= Roy Bell (ornithologist) =

New Zealand ornithologist, naturalist, collector and photographer (1882–1966)

Raoul Sunday (Roy) Bell (19 February 1882 – 28 March 1966) was a professional New Zealand and Australian natural history specimen collector, ornithologist, naturalist and photographer, who spent much time on Lord Howe and Norfolk Islands in the Tasman Sea between Australia and New Zealand.

Bell was born on Raoul Island in the Kermadec Group north-east of New Zealand. By 1908 he was working as a specimen collector. From 1912 to 1914 Bell worked for Gregory Mathews, collecting bird specimens for him on Norfolk and Lord Howe Islands. The information and specimens collected enabled Mathews to publish his book “The Birds of Norfolk and Lord Howe Islands” in 1928.

Bell served in the First World War as a photographer. After the war he collected in Victoria and New South Wales, Australia.

==Lord Howe Island==
Bell settled in Norfolk Island in 1910, but he also spent two years on Lord Howe Island collecting birds and other specimens during and following his employment with Mathews. He had a permit from the Lord Howe Island Board to collect certain birds. Because of opposition from some islanders his permit was temporarily revoked, then restored after he had gained favour with some influential islander families by providing them with special albums of photographs he had taken.

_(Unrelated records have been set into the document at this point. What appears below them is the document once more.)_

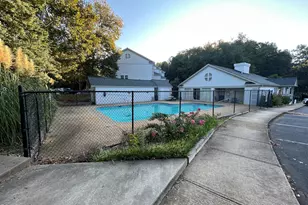 2504 Avent Ferry Rd, Raleigh, NC 27606 - Photo 19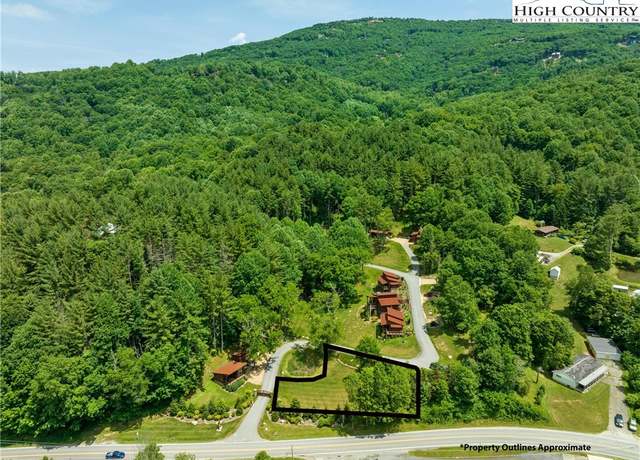 Property at Lot 1 Stonefly Trl, Banner Elk, NC 28604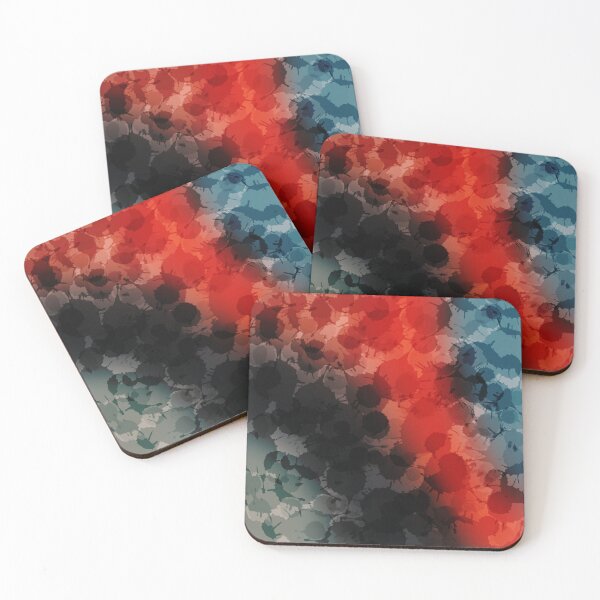 Item preview, Sonic Burst designed and sold by NourMedini.
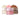 Clavue Nourishing Care Lip Sleeping Pack 3 Types  Decorative cosmetics Clavue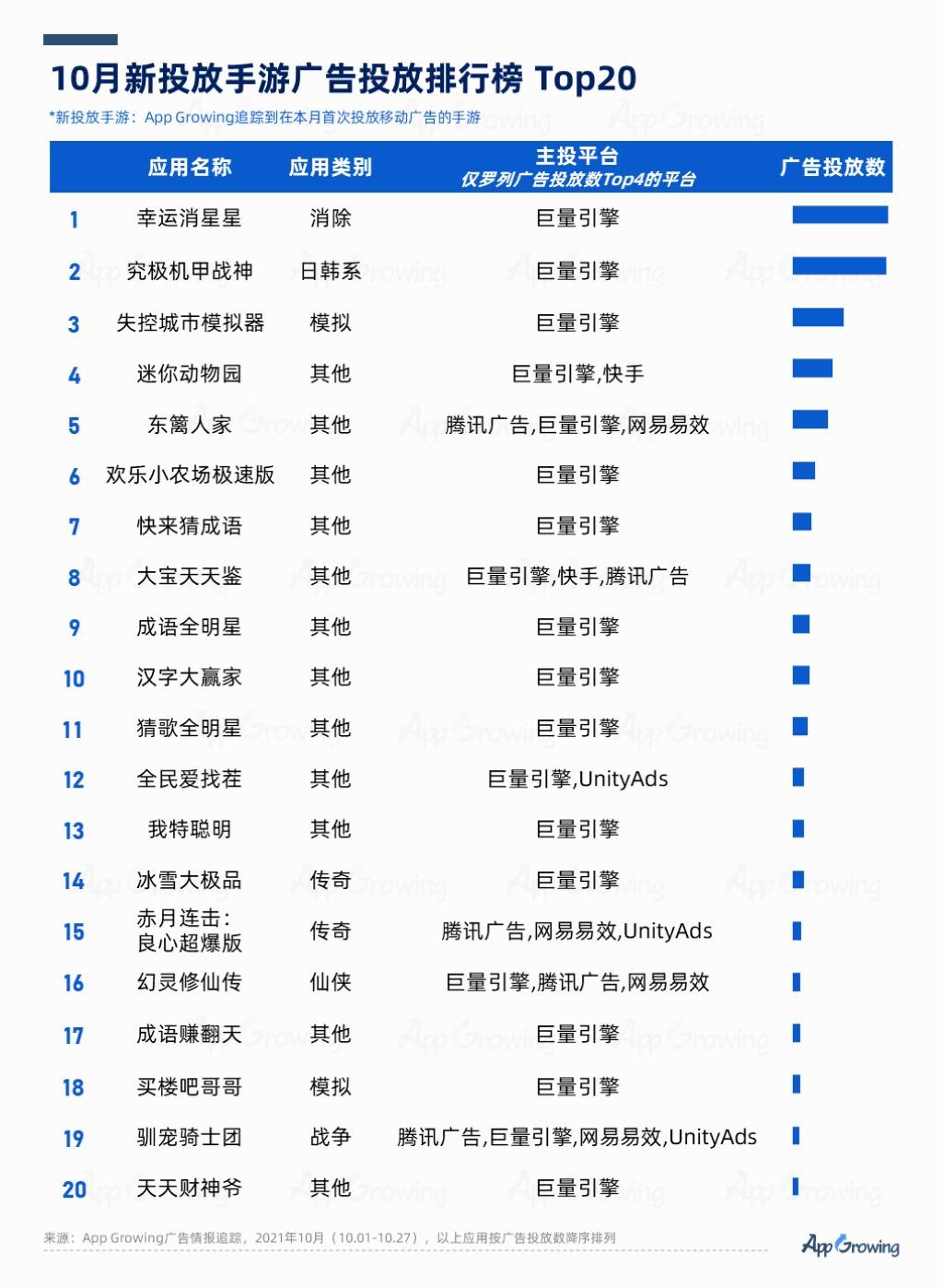 黄大仙三肖三码必中三,经典解释定义_手游版46.595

Despite the restrictions on the permit Bell collected large numbers of all species, including 80 specimens of the Lord Howe woodhen.

Bell's work on the island added significantly to our knowledge of the birds there. He discovered Kermadec petrels breeding on Mount Gower. He also found that the white-bellied storm petrel bred on the island and added eight other species to Lord Howe's bird list.

Bell retired to Norfolk Island, where he died in 1966. His manuscript journals from when he was working and living on Lord Howe and Norfolk Islands are held by the National Library of Australia.